> **DATA SEGMENT**

_ _ _ _ _

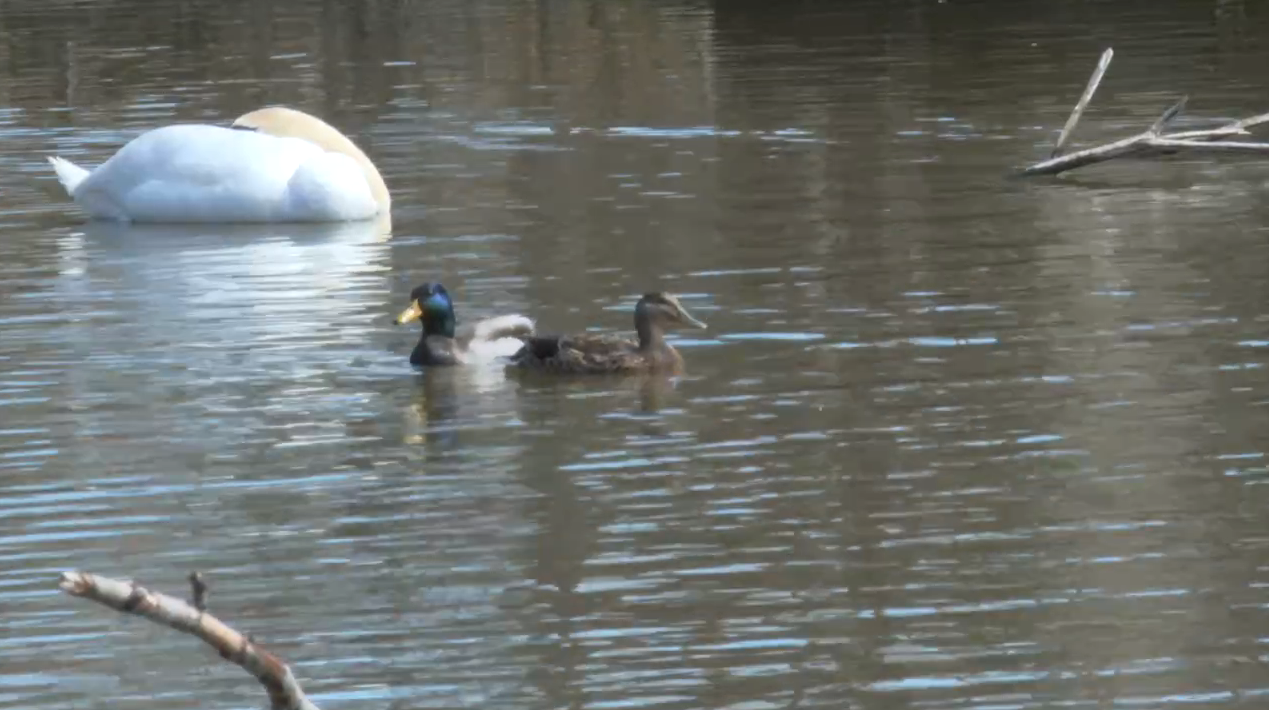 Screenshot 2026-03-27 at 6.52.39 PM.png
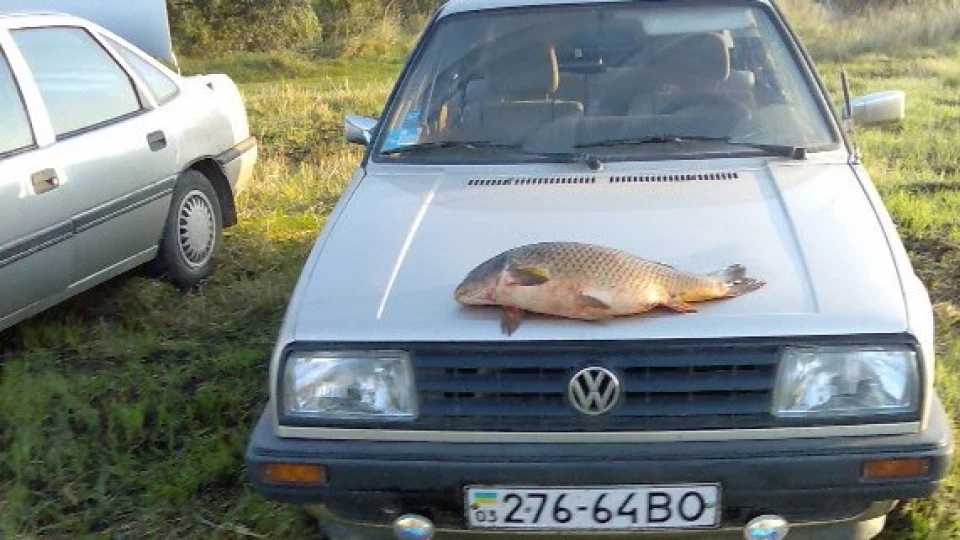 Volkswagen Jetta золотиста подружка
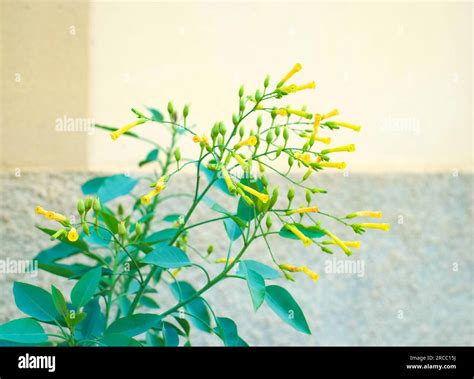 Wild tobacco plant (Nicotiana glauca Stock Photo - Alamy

_ _ _ _ _

> **INSTRUCTIONS FOR THE TASK**
The lines from the one with "Volkswagen Jetta золотиста подружка" to the end of the data above should be retyped exactly, both ends included, and pictures are to be left out.

> **RESULT OF THIS TASK**
 Volkswagen Jetta золотиста подружка
 Wild tobacco plant (Nicotiana glauca Stock Photo - Alamy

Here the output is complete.